◆ **Work to complete**
When you reach the line containing "53935 Rollo Etiquetas" in the data below, begin returning lines exactly as written, and stop once the line containing "GENEROUS BAG OF MERCURY DIMES (1 of 5)" has been returned.

◆ **Excerpted data**
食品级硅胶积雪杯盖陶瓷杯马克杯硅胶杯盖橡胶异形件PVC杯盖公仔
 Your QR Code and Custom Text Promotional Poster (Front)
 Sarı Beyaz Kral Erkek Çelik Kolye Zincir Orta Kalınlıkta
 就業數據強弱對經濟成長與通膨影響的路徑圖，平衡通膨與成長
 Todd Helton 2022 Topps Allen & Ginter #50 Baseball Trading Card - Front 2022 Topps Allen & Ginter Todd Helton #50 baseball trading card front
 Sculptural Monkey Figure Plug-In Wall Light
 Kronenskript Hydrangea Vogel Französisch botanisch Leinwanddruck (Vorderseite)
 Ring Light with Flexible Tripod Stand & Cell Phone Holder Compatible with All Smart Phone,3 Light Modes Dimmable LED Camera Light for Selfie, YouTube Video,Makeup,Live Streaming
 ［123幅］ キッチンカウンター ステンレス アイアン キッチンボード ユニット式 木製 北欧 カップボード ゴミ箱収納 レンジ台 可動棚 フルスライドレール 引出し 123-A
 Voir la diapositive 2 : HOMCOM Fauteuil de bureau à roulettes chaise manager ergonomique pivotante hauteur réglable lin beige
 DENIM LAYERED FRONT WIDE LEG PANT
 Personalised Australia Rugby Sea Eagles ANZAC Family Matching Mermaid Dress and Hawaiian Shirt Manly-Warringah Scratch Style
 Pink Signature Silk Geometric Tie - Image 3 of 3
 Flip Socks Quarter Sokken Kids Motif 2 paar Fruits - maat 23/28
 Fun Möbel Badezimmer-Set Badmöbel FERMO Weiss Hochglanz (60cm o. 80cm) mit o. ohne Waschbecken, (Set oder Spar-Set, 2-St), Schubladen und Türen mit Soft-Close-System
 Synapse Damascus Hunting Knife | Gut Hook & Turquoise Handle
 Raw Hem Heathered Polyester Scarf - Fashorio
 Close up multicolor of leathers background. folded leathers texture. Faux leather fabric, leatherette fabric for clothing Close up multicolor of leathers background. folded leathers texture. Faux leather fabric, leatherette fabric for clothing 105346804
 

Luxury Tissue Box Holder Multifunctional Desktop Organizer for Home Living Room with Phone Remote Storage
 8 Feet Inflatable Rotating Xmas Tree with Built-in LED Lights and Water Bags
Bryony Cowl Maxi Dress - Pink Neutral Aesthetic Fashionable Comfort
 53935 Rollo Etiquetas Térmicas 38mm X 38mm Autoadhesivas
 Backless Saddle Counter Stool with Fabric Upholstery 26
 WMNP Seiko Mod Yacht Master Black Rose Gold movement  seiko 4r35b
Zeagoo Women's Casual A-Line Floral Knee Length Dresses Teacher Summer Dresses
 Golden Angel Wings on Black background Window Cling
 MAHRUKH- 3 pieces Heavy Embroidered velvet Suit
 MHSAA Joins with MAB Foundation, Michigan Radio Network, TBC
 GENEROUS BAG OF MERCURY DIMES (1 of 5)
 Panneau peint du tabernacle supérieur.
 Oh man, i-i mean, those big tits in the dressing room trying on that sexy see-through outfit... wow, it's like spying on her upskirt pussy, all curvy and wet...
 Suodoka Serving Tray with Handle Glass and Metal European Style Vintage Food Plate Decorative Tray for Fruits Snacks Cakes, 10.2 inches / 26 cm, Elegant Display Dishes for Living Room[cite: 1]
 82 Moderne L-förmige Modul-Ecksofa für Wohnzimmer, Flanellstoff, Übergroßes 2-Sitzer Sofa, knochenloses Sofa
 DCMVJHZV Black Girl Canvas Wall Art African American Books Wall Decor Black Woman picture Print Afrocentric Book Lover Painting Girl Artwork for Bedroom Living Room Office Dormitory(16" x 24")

◆ **Written solution**
 53935 Rollo Etiquetas Térmicas 38mm X 38mm Autoadhesivas
 Backless Saddle Counter Stool with Fabric Upholstery 26
 WMNP Seiko Mod Yacht Master Black Rose Gold movement  seiko 4r35b
Zeagoo Women's Casual A-Line Floral Knee Length Dresses Teacher Summer Dresses
 Golden Angel Wings on Black background Window Cling
 MAHRUKH- 3 pieces Heavy Embroidered velvet Suit
 MHSAA Joins with MAB Foundation, Michigan Radio Network, TBC
 GENEROUS BAG OF MERCURY DIMES (1 of 5)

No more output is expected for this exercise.